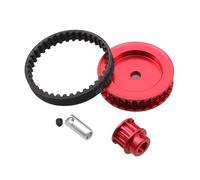 RC Coches Piezas Para Traxxas Para TRX4 Para TRX6 1/10 12T Y 30T Sistema Transmisión Por Correa Engranajes Piezas Bricolaje Mejoradas Para Coches RC Crawler(Red)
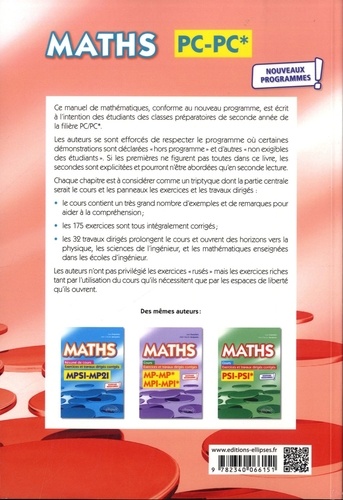 Maths PC/PC*. Cours, exercices et travaux dirigés corrigés
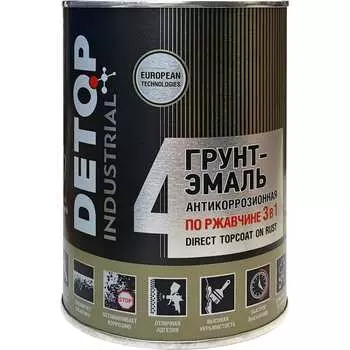 Грунт-эмаль по ржавчине Detop DTI-P07786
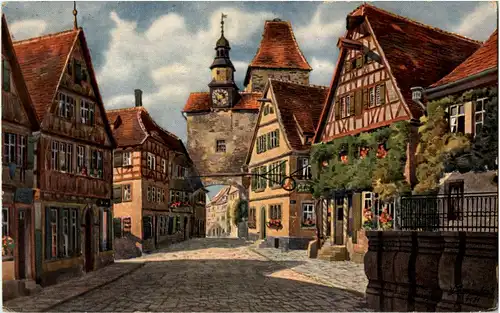 Rothenburg ob der Tauber - Rödergasse -47488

◇ ◇ ◇ ◇

The problem:
The listing above needs to be output again exactly. Don't include the pictures.

Reply:
 RC Coches Piezas Para Traxxas Para TRX4 Para TRX6 1/10 12T Y 30T Sistema Transmisión Por Correa Engranajes Piezas Bricolaje Mejoradas Para Coches RC Crawler(Red)
 Maths PC/PC*. Cours, exercices et travaux dirigés corrigés
 Грунт-эмаль по ржавчине Detop DTI-P07786
 Rothenburg ob der Tauber - Rödergasse -47488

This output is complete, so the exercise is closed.